Wednesday, September 3, 2014

Sketching/hashing Algorithms in Clojure

Just a short note that I (and BigML) have open sourced a library of hashing / sketching based stream summarizers for Clojure.

Specifically, the library includes techniques that take streams of items and return summaries that can be queried for set membership (bloom filters), set similarity (min-hashes), item occurrence counts (count-min sketches), and the number of distinct items (with my favorite, the magical HyperLogLog).

This library was largely an educational exercise for me, as I wanted to better understand the world of streaming summaries for categorical data.  It's written in almost pure Clojure and backed by plain Clojure data structures.  So it's (hopefully!) easy to use and easy to serialize.  All the summaries are merge friendly making them a nice fit for distributed settings.  The big caveat is that I didn't spend much effort optimizing for speed.  Those in need of maximizing every CPU cycle may need to look elsewhere.

Thursday, February 21, 2013

Streaming histograms... faster

I just pushed v3.1.0 of the BigML streaming histogram library.
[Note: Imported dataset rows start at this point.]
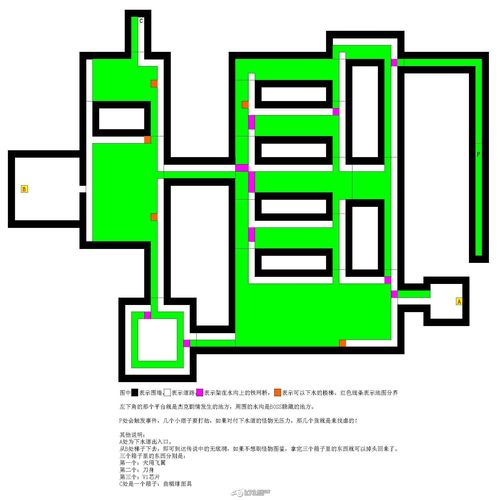 天河传说支线：所有隐藏物品及地点大公开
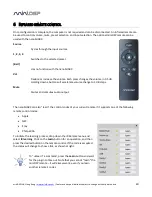 Preview for 40 page of miniDSP NANOSHARC User Manual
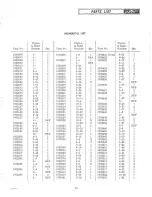 Предварительный просмотр 59 страницы AMF 1970 Ski-Daddler XX Series Service Manual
For those stumbling across this blog, the library provides an embellished implementation of the histograms introduced by Ben Haim in JMLR. It's a handy way to compress a stream of data using limited memory. The algorithm is online/streaming, so it only needs on pass over the data and it can always give you an estimate of the distribution so far.

I recently noticed that Hive includes a simple implementation. That makes sense. The histograms are merge friendly, so they're a good tool for distributed systems. But Hive's version was much faster than mine for small histograms. That bugged me. :P

Hive uses a simple array to back the histogram. That's bad for histograms with lots of bins, since inserting a point costs O(n) with respect to # of bins in the histogram. My histograms had a better time order, O(logn), but also more overhead. Version 3.1.0 includes both approaches and switches between them depending on your histogram.

Anyway, it's a Java library but with lots of bells and whistles for Clojure devs. If you deal with streaming data on the JVM, give it a look!

Saturday, January 26, 2013

My God, it's full of stars... and ClojureScript

I just open sourced a portion of a perpetually half-finished ClojureScript game.  The project uses ClojureScript, canvas, and affine transforms to build an interactive star map. The star map supports panning and zooming (click and drag to pan, scroll in or out to zoom).
The notable bits of the codebase are the canvas namespace and the affine transform namespace. My implementation of the star map was borrowed from an earlier incarnation I once did in Java 2D. I think there's an opportunity for a nice ClojureScript/Clojure library that would accept the same 2D drawing and transform operations for either a browser canvas element or a Java Graphics object.
To see the map in action:
To see the project page:

Tuesday, January 22, 2013

Clojure goes to Washington

Congressional Partisanship (by roll-call votes)
A year or two ago I created a project for tracking congressional partisanship over time using roll-call votes. More recently I rebuilt the project using Clojure. Even more recently I added a page to explain and show off the results.

I've open sourced it for whoever is interested. There's some code that uses Enlive to scrape official vote data for the House and Senate. There's also a bit of code for transforming the raw data into interesting metrics. And finally, there's a process for transforming the daily metrics into a moving average and exports it to a dygraph friendly format.

All in all, it was a fun little project that gave me the chance to toy with few new (at least to me) libraries and practice my Clojure. It also confirmed the (perhaps obvious) observation that congressional politics has been remarkably nasty in recent years.